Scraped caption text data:
▬▬▬▬▬▬▬▬▬▬
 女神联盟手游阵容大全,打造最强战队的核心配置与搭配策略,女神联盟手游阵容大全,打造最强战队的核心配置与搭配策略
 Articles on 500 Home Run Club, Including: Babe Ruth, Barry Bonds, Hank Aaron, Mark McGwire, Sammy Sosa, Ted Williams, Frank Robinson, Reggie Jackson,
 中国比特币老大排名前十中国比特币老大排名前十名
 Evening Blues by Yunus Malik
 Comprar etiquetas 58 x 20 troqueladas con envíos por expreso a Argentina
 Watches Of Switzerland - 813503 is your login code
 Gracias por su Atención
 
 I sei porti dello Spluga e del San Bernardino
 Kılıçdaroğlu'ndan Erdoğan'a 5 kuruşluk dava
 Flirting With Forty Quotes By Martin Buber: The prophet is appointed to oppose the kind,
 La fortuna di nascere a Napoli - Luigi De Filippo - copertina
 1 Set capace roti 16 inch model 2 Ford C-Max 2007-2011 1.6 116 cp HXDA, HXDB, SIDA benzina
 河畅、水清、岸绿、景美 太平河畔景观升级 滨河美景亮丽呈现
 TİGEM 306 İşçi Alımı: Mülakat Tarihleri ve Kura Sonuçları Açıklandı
▬▬▬▬▬▬▬▬▬▬
▸ **WHAT IS BEING ASKED**
Taking the records from the top, repeat each line exactly until you have repeated the line that contains "河畅、水清、岸绿、景美 太平河畔景观升级 滨河美景亮丽呈现".

▸ **TASK RESULT**
 女神联盟手游阵容大全,打造最强战队的核心配置与搭配策略,女神联盟手游阵容大全,打造最强战队的核心配置与搭配策略
 Articles on 500 Home Run Club, Including: Babe Ruth, Barry Bonds, Hank Aaron, Mark McGwire, Sammy Sosa, Ted Williams, Frank Robinson, Reggie Jackson,
 中国比特币老大排名前十中国比特币老大排名前十名
 Evening Blues by Yunus Malik
 Comprar etiquetas 58 x 20 troqueladas con envíos por expreso a Argentina
 Watches Of Switzerland - 813503 is your login code
 Gracias por su Atención
 
 I sei porti dello Spluga e del San Bernardino
 Kılıçdaroğlu'ndan Erdoğan'a 5 kuruşluk dava
 Flirting With Forty Quotes By Martin Buber: The prophet is appointed to oppose the kind,
 La fortuna di nascere a Napoli - Luigi De Filippo - copertina
 1 Set capace roti 16 inch model 2 Ford C-Max 2007-2011 1.6 116 cp HXDA, HXDB, SIDA benzina
 河畅、水清、岸绿、景美 太平河畔景观升级 滨河美景亮丽呈现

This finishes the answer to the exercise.